# What you are asked to do:
Output the data unchanged and complete, minus the images.

───── Source data

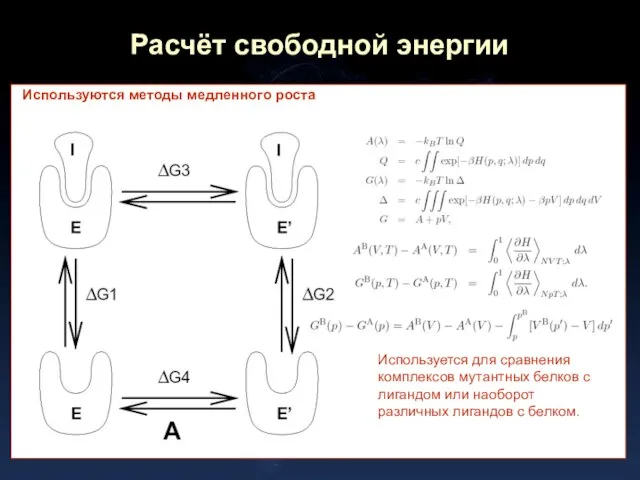 Расчёт свободной энергии Используются методы медленного роста Используется для сравнения комплексов мутантных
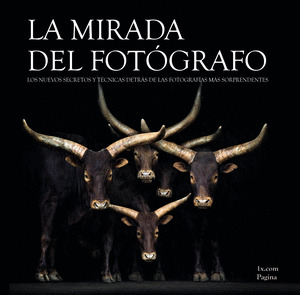 MIRADA DEL FOTÓGRAFO, LA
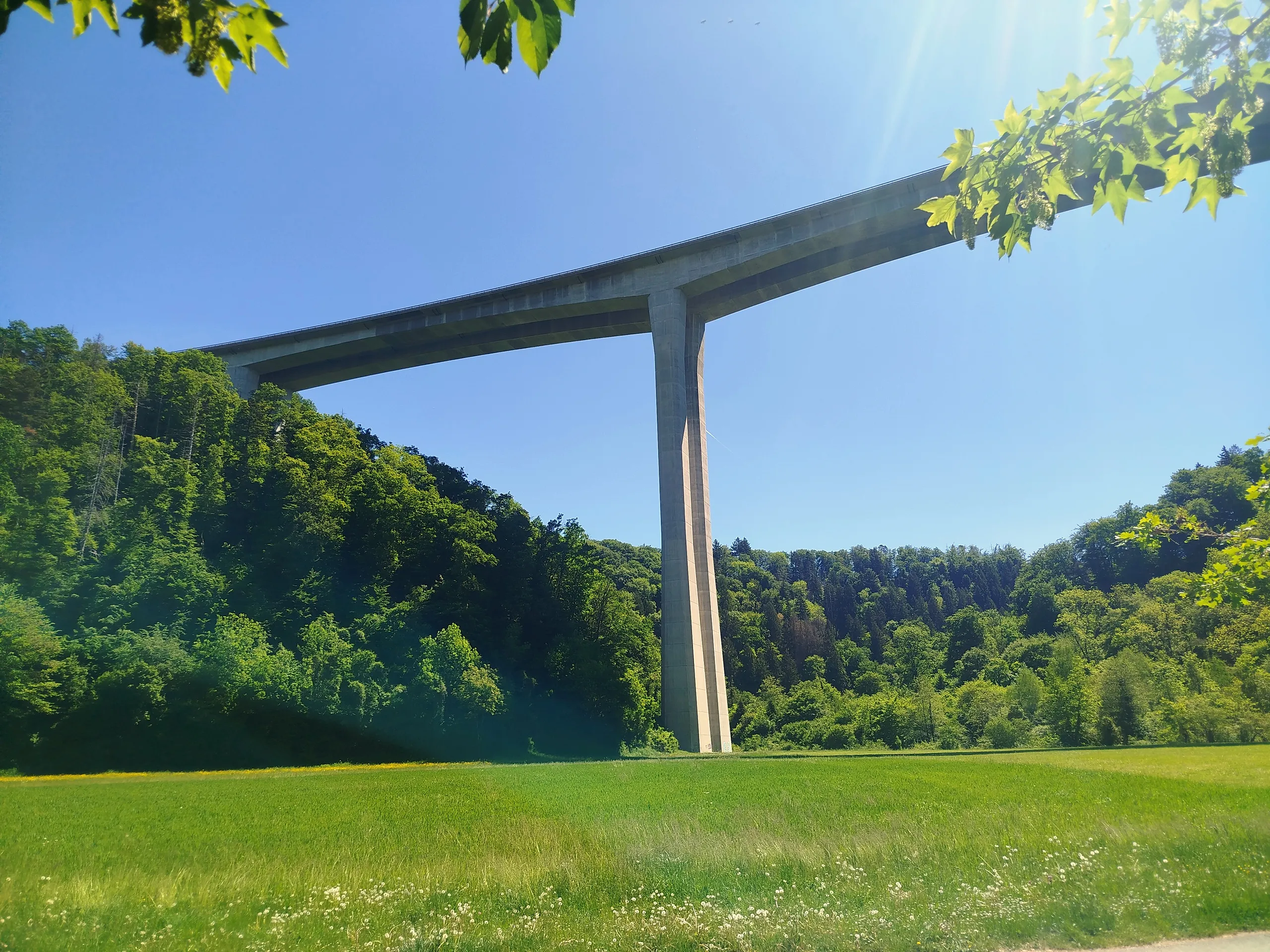 A motorway viaduct striding over the wooded Vallon des Vaux
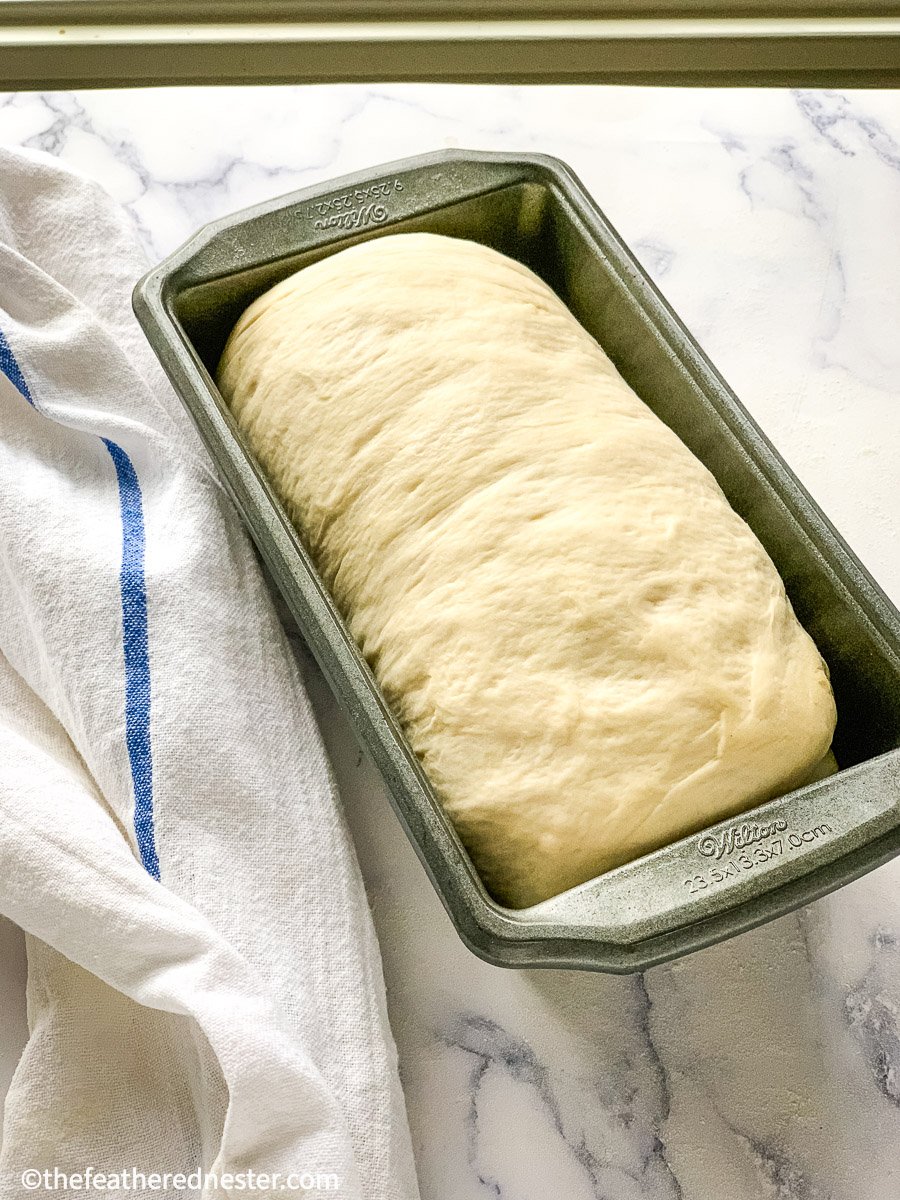 sourdough sandwich bread dough in a bread pan ready for baking.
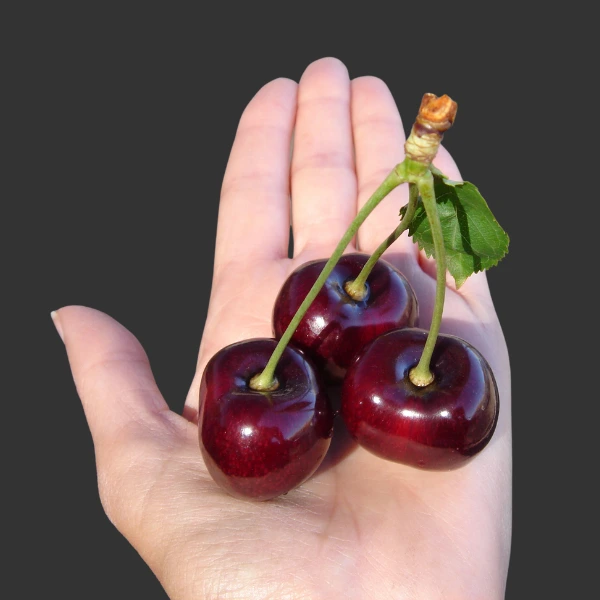 photos of cherries in a palm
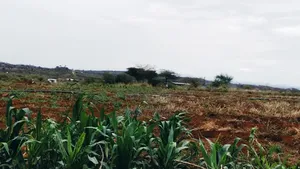 3 Acres Prime Farmland – Loitoktok | 4km From Tarmac | Freehold T
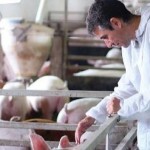 На Львівщині функціонує 5 суб’єктів племінної спра...
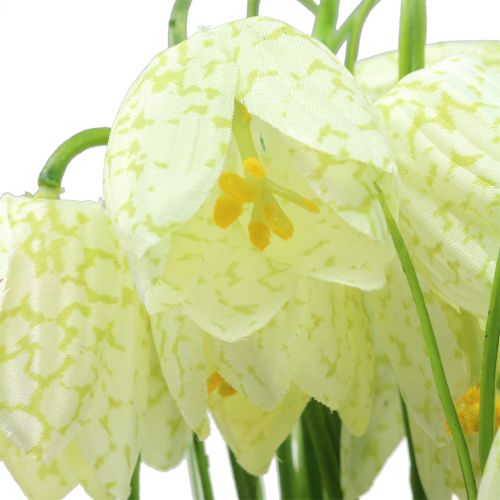 Floristik24 Skaktern blomster Fritillaria kunsthvid, grøn 40cm 12 stk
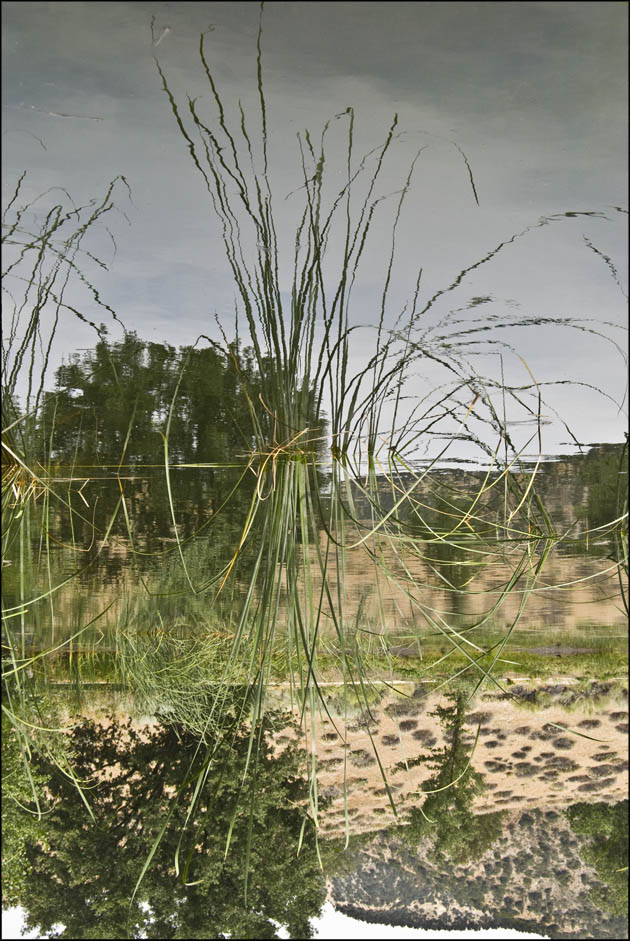 Fotografie von ClickChick für DesignCrowd (Community Contests) | Design #8968712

──────────

# Solution for this task:
 Расчёт свободной энергии Используются методы медленного роста Используется для сравнения комплексов мутантных
 MIRADA DEL FOTÓGRAFO, LA
 A motorway viaduct striding over the wooded Vallon des Vaux
 sourdough sandwich bread dough in a bread pan ready for baking.
 photos of cherries in a palm
 3 Acres Prime Farmland – Loitoktok | 4km From Tarmac | Freehold T
 На Львівщині функціонує 5 суб’єктів племінної спра...
 Floristik24 Skaktern blomster Fritillaria kunsthvid, grøn 40cm 12 stk
 Fotografie von ClickChick für DesignCrowd (Community Contests) | Design #8968712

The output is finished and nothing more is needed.